(Dataset content):
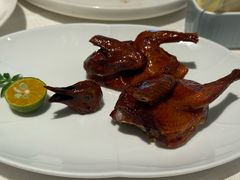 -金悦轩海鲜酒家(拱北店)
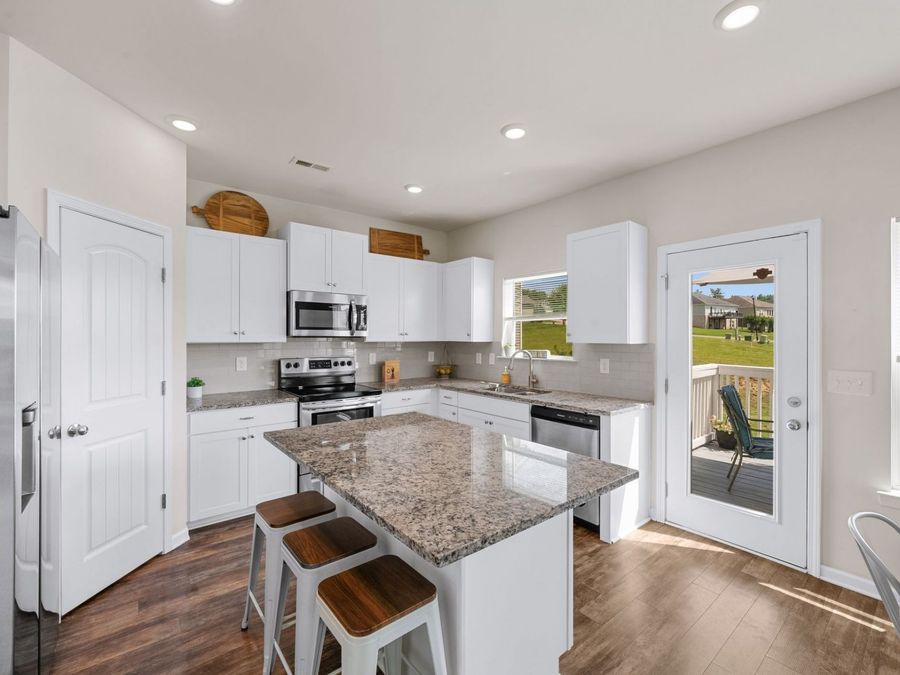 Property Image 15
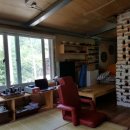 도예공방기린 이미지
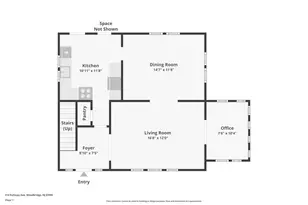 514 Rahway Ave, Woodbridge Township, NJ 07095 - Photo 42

(What you have to do):
Copy the data in full. No pictures belong in the copy.

(Answer below):
 -金悦轩海鲜酒家(拱北店)
 Property Image 15
 도예공방기린 이미지
 514 Rahway Ave, Woodbridge Township, NJ 07095 - Photo 42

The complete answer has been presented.